INTERNATIONAL ORGANISATION FOR STANDARDISATION

ORGANISATION INTERNATIONALE DE NORMALISATION

ISO/IEC JTC 1/SC 29/WG 11

CODING OF MOVING PICTURES AND AUDIO

ISO/IEC JTC1/SC29/WG11 N15340

June 2015, Warsaw, Poland

Source / Requirements
Status / Approved
Title / Requirements for a Future Video Coding Standard v1
Author

Requirements for a Future Video Coding Standard v1

1  Introduction

The expanding use of more information rich digital video in diverse and evolving context and the still limited transmission and storage capabilities demand `more powerful compression schemes.

2  Estimated industry needs

The following four classes of potential users of a future video coding standard have been identified:

  1. The class of application that is likely to accept the most frequent change of algorithm is one where decoding is purely software-based and there is no need for storage of the encoded bitstream (e.g. some videoconferencing applications)
  2. The second class is likely to consist of applications with software decoding, but with the need to maintain server farms to deliver pre-encoded content to the end customer (e.g. OTT video streaming)
  3. The third class is likely to consist of applications with hardware decoding, but with a consumer expectation of fairly rapid equipment swap-out (e.g. mobile telephony)
  4. The class with the greatest barrier to accepting a frequent change of algorithm is likely to consist of those applications that are based on hardware decoders, where the consumer has an expectation of relatively infrequent swap-out (e.g. traditional terrestrial / satellite)

Within each of these four classes, an additional important factor was identified to be the “consuming device ownership”.

In the example of broadcasting, there appears to be a lower barrier to change of algorithm in a vertically controlled pay TV market. In this case, the operator is able to balance the long-term commercial benefit of moving to a more efficient compression standard against the cost of accelerating the swap-out of legacy set-top boxes. In a horizontal free-to-air market, where the consuming device is owned by the end customer, there tends to be a political requirement to continue to provide service to residual legacy devices until they represent only a tiny percentage of the population.

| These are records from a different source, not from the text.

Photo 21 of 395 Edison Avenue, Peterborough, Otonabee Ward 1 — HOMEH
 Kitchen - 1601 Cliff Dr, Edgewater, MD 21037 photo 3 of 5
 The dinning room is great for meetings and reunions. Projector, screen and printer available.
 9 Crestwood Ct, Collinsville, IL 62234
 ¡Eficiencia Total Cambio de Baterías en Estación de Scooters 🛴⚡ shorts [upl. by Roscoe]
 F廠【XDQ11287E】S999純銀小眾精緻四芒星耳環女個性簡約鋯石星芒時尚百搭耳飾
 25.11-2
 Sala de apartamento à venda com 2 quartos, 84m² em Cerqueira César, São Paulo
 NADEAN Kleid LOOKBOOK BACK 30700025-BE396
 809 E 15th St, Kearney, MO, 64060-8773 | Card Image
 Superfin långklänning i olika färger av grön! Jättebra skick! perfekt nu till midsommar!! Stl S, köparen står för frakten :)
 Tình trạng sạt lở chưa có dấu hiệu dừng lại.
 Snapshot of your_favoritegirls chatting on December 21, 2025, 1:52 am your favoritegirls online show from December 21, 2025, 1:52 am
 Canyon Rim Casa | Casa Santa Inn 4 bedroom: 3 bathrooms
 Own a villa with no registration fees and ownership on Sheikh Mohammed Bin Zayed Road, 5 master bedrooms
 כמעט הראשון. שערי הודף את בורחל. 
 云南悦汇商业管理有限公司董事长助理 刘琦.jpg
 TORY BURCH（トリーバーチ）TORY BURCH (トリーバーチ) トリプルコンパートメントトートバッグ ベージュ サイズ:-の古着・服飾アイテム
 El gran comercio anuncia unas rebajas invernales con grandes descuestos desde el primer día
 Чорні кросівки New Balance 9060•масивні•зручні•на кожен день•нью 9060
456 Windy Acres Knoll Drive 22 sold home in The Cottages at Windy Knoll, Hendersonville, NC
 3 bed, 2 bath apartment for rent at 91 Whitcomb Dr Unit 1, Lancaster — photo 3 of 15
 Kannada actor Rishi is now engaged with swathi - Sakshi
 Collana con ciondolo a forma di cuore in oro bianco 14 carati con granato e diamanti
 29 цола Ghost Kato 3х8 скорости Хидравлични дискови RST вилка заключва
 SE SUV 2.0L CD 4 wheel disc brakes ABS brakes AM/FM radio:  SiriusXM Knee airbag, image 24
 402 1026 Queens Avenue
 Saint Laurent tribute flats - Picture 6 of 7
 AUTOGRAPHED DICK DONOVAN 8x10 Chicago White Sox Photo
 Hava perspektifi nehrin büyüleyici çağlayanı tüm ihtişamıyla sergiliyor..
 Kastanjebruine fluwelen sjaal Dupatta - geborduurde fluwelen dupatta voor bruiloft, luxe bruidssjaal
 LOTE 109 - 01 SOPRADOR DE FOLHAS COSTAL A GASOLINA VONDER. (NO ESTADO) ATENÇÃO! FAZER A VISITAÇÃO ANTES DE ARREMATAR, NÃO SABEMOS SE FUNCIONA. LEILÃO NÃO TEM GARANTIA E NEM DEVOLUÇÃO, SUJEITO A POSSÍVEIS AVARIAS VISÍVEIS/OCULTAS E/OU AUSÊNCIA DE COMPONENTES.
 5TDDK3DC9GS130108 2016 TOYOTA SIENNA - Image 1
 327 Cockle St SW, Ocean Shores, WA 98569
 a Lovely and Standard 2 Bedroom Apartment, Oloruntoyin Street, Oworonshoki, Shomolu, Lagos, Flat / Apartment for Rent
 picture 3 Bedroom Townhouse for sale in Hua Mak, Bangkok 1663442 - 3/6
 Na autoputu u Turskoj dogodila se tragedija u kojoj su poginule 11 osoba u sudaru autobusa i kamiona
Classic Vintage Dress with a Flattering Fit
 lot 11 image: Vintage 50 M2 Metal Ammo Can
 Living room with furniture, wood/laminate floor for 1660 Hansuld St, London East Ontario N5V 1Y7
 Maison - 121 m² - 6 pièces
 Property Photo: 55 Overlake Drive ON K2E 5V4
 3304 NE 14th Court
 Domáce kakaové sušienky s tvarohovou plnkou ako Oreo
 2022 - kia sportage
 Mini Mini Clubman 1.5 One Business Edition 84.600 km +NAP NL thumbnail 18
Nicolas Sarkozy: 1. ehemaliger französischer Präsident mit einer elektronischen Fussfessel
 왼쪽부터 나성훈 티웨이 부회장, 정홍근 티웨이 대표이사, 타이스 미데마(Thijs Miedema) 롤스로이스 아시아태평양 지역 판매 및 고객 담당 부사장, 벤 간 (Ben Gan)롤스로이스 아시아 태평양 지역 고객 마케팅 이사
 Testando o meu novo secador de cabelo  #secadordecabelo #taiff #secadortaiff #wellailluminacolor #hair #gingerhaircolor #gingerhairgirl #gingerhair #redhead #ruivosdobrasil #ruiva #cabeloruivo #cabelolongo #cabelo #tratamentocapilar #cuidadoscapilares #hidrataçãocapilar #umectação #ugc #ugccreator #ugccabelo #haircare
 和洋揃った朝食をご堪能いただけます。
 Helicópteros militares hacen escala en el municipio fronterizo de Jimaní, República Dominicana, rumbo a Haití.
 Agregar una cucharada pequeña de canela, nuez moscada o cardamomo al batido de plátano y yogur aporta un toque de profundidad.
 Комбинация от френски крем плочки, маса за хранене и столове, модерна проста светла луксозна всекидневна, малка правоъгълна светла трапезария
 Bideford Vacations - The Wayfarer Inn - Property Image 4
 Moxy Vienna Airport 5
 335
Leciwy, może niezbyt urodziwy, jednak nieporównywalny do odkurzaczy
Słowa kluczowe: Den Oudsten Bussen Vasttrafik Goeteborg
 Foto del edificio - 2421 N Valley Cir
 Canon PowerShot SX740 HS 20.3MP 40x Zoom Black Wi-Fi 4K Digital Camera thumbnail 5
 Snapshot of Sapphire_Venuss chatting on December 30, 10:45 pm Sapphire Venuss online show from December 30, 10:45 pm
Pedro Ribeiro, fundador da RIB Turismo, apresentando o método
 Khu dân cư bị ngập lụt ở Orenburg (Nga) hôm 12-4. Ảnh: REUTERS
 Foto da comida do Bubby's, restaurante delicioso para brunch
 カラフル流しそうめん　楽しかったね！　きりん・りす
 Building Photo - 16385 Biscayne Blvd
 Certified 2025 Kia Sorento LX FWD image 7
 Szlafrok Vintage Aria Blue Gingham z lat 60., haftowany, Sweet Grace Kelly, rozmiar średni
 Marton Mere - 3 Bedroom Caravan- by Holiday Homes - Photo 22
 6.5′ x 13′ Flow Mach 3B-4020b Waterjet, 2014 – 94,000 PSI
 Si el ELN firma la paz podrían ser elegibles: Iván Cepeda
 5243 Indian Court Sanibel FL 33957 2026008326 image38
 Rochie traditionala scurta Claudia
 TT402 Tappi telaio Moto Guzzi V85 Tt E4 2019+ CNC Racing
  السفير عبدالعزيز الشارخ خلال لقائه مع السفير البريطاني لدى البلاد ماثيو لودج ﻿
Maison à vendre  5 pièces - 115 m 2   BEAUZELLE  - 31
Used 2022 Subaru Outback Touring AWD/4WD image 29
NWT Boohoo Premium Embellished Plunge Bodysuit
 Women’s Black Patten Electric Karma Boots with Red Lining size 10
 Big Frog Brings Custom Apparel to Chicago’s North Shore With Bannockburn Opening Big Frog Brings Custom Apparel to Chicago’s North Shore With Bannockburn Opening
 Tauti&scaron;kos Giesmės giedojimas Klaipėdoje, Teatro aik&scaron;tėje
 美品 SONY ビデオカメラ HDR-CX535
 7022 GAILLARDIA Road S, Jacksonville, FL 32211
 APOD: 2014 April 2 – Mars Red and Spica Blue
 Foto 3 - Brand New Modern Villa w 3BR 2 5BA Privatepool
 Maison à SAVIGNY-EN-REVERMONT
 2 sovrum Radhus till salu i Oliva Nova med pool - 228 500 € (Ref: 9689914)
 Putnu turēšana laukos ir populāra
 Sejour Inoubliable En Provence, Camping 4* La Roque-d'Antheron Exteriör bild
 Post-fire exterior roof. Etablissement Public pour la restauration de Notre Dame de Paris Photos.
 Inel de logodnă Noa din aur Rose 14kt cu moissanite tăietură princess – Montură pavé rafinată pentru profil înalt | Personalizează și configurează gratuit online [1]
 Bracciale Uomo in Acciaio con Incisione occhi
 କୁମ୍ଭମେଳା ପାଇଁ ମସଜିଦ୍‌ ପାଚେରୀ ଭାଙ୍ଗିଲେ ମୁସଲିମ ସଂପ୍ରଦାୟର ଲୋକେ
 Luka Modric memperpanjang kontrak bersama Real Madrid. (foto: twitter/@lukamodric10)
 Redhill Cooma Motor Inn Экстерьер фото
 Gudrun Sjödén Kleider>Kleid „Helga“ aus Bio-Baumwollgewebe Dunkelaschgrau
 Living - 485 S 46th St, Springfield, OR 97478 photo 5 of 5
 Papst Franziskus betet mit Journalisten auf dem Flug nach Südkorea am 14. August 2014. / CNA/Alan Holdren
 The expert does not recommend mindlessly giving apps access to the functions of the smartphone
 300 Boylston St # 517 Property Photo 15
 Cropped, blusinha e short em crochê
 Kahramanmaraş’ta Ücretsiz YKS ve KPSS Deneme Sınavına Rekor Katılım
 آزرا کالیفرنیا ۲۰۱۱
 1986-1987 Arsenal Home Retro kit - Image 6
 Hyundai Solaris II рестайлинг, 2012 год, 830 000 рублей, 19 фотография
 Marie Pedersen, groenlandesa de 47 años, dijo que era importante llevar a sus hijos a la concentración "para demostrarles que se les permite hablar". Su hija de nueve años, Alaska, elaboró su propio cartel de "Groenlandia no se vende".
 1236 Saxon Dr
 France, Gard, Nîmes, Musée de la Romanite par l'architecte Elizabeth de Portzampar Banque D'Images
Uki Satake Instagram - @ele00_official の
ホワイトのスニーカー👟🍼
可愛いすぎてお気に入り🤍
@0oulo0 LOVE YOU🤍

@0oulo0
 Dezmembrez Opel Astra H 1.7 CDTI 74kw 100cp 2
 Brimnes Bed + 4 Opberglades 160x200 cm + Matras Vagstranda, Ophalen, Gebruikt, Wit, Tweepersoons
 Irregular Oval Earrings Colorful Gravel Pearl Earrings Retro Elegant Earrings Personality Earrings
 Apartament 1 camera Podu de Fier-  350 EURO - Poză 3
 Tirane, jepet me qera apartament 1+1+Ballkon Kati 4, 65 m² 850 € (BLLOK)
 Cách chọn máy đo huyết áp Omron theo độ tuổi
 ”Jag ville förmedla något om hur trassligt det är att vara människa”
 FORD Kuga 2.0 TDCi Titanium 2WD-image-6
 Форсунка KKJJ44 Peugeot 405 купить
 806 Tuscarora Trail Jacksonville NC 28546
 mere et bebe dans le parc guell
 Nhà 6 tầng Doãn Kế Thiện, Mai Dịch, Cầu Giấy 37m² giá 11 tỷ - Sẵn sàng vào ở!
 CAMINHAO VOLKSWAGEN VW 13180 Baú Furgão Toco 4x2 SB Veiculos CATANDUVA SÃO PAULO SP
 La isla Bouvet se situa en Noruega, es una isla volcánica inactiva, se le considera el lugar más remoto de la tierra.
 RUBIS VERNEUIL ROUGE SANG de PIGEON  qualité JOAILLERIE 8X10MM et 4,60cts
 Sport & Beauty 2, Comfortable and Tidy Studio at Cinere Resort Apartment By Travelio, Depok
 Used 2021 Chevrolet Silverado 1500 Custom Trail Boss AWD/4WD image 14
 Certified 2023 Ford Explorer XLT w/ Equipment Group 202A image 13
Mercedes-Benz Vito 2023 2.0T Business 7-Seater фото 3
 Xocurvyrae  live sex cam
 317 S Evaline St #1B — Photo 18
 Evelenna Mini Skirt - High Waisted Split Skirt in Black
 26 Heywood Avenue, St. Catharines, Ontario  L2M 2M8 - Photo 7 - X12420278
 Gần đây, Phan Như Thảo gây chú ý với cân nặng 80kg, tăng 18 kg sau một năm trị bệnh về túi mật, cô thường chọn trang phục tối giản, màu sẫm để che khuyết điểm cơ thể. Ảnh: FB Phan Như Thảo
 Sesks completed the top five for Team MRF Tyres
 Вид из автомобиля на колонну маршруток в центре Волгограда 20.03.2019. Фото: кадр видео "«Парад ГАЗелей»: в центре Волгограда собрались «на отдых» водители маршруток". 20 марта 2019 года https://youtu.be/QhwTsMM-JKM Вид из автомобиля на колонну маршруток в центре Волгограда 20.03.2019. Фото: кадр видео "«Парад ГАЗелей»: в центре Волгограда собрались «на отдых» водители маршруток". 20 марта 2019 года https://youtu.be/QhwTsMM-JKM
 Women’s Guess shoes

In other application areas the opposite market dynamic may apply; if the user owns the consuming device then they may feel that owning the latest device confers enhanced status, thus providing an incentive for manufacturers to provide devices with new features, such as the latest decoder, which in turn provides an incentive to service provider to provide services in the new format.

3  New use cases for existing and emerging markets

3.1  Distinction between existing and emerging markets

Existing markets could be characterized as those where extrapolating from the past can be reasonably expected to provide some useful guidance to predicting the future. Emerging markets could be characterized as those which are so radically different from what has happened before that the past provides no useful guidance to the future.

3.2  Examples of existing markets for video coding

3.2.1  Terrestrial, and Satellite broadcasting

Broadcasting uses two basic business models: free-to-air (either funded by government or by advertising revenue) and pay TV (usually subscription-based, sometimes with additional individual pay-to-view events). Secure encryption using conditional access, to avoid content piracy, is a key technology for pay TV services. Terrestrial broadcasting is generally free-to-air, cable broadcasting is generally pay TV and both business models are used for satellite broadcasting.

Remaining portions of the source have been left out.